Really? I thought your point was that my setup required a "spare" computer...something about "$160+PC." Anyway, time-wise, it would take 20 minutes to move your computer and plug in the cables. Travel time to buy the cables is no different than that to pick up an ATV. If you want the iphone to serve as a remote then add a few more moments. Easily worth the $90-$190 savings.

Edited: to fix typo and price


----------



## fjnmusic (Oct 29, 2006)

Now now! Can't you two see that you love each other??
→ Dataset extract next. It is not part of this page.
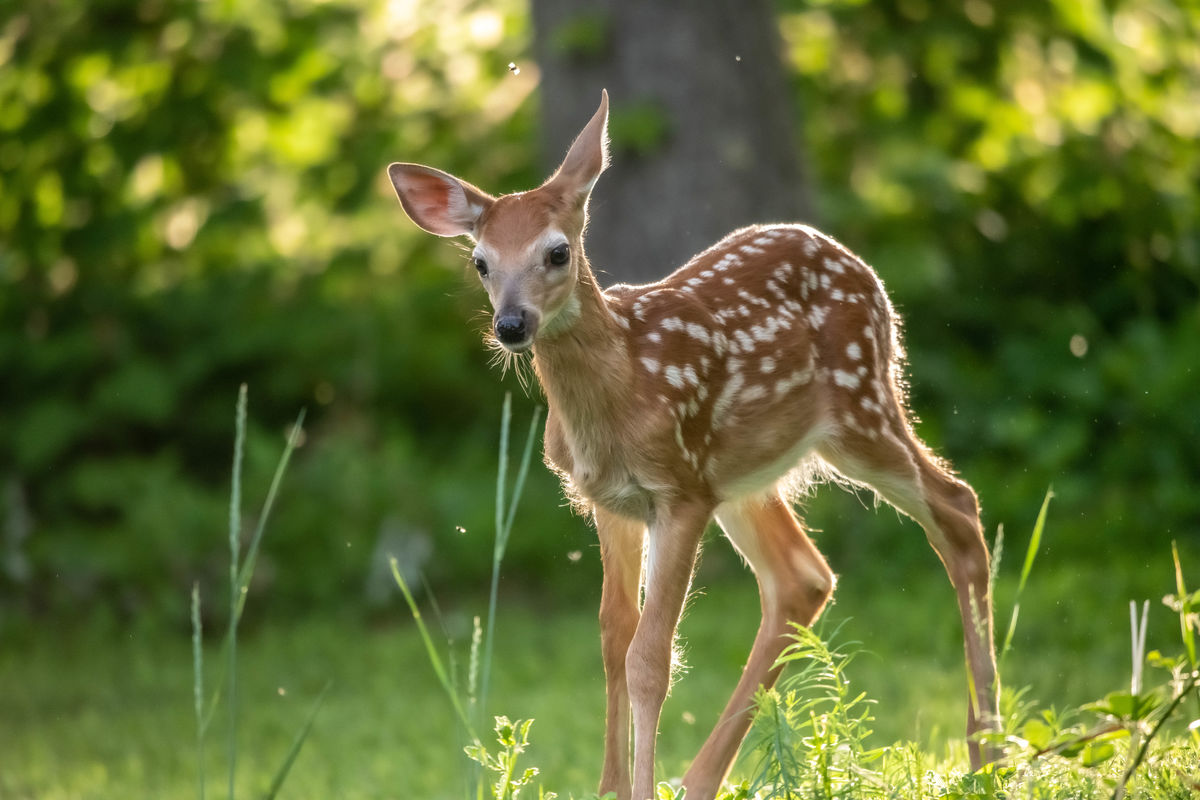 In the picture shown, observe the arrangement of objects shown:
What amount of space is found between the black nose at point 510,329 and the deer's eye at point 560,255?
0.68ft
Seriously, this sounds like an interesting alternative to an TV for those who don't want one. I prefer both options, personally--TV and a video out from the MacBook to play anything that appears on the computer screen on the TV as well. In fact, I use this system at school all the time: MacBook with videos, music, Keynote presentations, notepad, iPhoto, whatever hooked up to a projector via the DV video out and the audio out going to a PA system or even small powered speakers. Works great. We use the TV at home all the time, plus it's great for rentals. We can start watching about 30 seconds after we rent. I can even take the TV to school and hook it up to a projector, and the iPod Touch can work as a remote. Gotta love Apple technology. In fact, I think I'm going to buy a second TV for the new house (one upstairs, one down) and maybe another EyeTV doohickey for recording shows. Great combination.


----------



## zc11 (Jul 21, 2008)

fjnmusic said:


> Now now! Can't you two see that you love each other??
> 
> Seriously, this sounds like an interesting alternative to an TV for those who don't want one.
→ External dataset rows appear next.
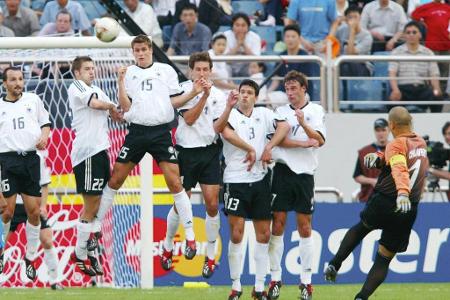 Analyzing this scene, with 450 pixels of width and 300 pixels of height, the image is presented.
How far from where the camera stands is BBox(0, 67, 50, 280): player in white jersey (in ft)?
50.7

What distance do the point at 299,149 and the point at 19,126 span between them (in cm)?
331

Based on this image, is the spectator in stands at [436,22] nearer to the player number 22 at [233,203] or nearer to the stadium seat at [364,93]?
the stadium seat at [364,93]

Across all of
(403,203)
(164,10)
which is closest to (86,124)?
(403,203)

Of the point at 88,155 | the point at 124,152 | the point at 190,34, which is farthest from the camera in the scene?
the point at 190,34

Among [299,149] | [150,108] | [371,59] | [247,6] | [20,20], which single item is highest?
[247,6]

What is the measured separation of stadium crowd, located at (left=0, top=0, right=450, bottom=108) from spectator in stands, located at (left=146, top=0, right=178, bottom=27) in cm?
2

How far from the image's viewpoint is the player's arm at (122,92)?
1425cm

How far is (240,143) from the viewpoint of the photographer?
48.0 feet

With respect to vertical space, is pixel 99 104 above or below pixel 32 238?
above

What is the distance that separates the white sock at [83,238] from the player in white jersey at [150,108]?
857 millimetres

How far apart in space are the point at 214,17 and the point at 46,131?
20.9 feet

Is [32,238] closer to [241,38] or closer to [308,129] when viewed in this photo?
[308,129]

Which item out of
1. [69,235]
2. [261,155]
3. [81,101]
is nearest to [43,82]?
[69,235]

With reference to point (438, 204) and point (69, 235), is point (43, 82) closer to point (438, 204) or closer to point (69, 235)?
point (69, 235) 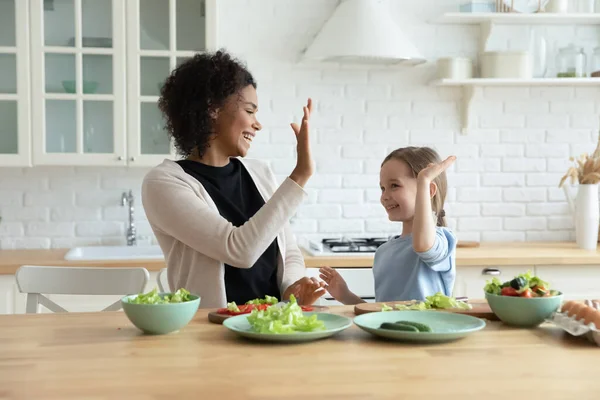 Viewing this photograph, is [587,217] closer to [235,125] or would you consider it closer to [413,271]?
[413,271]

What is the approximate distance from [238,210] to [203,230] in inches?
12.0

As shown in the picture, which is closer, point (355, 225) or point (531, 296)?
point (531, 296)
Fair enough. To me, it appeared to be a misreading/misunderstanding and shouldn't have been an argument at all.

I don't expect the *average* Apple or PC user to be at all interested in doing this. That said, though, those on this forum are far from being typical users. Most people aren't looking to jailbreak perfectly good phones and thereby void their warranties. Most people don't spend hours per week reading Mac forums or complaining about Apple's NDA. Most people aren't interested in Boxee or in hacking their Apple TVs.
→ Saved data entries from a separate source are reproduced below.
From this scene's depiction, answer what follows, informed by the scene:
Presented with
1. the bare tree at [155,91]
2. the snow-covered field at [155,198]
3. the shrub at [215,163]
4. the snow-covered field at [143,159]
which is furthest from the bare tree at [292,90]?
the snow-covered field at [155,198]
I expect my idea to appeal to those who like to tinker with things and to those who are coming in here and asking about the advantages/disadvantages of Apple TV or Apple TV vs XYZ:

http://www.ehmac.ca/ipod-itunes-iphone-apple-tv/69489-apple-tv-vs-hd-wizards-tvix-7000a.html
http://www.ehmac.ca/ipod-itunes-iphone-apple-tv/69955-boxee-invites.html
http://www.ehmac.ca/ipod-itunes-iphone-apple-tv/69802-apple-tv-first-impression-dissapointed.html
http://www.ehmac.ca/ipod-itunes-iphone-apple-tv/69779-apple-tv-40gb-pros-cons-help.html
http://www.ehmac.ca/ipod-itunes-iphone-apple-tv/69771-media-center-alternatives-vs-apple-tv.html
http://www.ehmac.ca/ipod-itunes-iph...what-s-benefits-comparison-cable-tv-dvds.html
http://www.ehmac.ca/ipod-itunes-iphone-apple-tv/68709-divx-wmv-appletv.html
http://www.ehmac.ca/ipod-itunes-iphone-apple-tv/68109-apple-tv-patchstick.html

It's an alternative that some will consider.

If you already happen to have VNC and trackpad software installed, as I did, then the time required is really minimal. To me, 1/2 hour spent to save $190 isn't insignificant. It's literally _(1) Move computer next to tv; (2) plug DVI end of cable into computer and HDMI end into TV; (3) use audio cables to connect computer and home theatre system; (4) enjoy; _(5) add wireless keyboard and mouse, if interested; (6) add an iPhone or iPod Touch into the mix, if interested (for remote). 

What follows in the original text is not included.